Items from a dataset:
───

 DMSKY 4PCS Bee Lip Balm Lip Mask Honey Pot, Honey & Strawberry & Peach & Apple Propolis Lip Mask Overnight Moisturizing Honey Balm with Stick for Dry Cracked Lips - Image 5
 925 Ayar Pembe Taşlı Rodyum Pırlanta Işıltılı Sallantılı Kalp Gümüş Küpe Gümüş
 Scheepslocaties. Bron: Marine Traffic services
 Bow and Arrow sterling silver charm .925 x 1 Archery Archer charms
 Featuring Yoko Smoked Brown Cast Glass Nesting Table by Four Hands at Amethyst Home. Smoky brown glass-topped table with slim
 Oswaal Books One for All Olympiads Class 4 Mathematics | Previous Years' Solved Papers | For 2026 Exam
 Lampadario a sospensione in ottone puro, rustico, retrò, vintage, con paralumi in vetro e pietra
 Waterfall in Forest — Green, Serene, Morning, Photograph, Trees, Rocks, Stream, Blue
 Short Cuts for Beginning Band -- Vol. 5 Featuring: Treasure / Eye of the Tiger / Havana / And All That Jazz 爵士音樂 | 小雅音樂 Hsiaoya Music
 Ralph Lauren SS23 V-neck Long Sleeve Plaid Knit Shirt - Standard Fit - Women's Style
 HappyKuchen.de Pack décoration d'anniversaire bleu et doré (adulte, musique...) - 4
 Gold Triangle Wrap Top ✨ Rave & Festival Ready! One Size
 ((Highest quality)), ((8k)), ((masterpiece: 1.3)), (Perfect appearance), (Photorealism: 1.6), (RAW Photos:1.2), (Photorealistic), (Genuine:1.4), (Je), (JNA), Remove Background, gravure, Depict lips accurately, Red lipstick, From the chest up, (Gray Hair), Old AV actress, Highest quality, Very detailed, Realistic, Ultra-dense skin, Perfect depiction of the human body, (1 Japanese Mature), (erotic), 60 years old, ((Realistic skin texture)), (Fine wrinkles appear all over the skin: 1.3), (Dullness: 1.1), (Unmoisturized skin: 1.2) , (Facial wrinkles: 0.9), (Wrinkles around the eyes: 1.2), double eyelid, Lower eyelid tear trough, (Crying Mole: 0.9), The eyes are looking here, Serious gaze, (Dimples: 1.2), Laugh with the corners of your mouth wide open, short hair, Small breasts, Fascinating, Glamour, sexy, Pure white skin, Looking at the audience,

───

**Work instructions:**
Copy out, from the records above, every line that holds the string "Featuring".

**Answer to this problem:**
 Featuring Yoko Smoked Brown Cast Glass Nesting Table by Four Hands at Amethyst Home. Smoky brown glass-topped table with slim
 Short Cuts for Beginning Band -- Vol. 5 Featuring: Treasure / Eye of the Tiger / Havana / And All That Jazz 爵士音樂 | 小雅音樂 Hsiaoya Music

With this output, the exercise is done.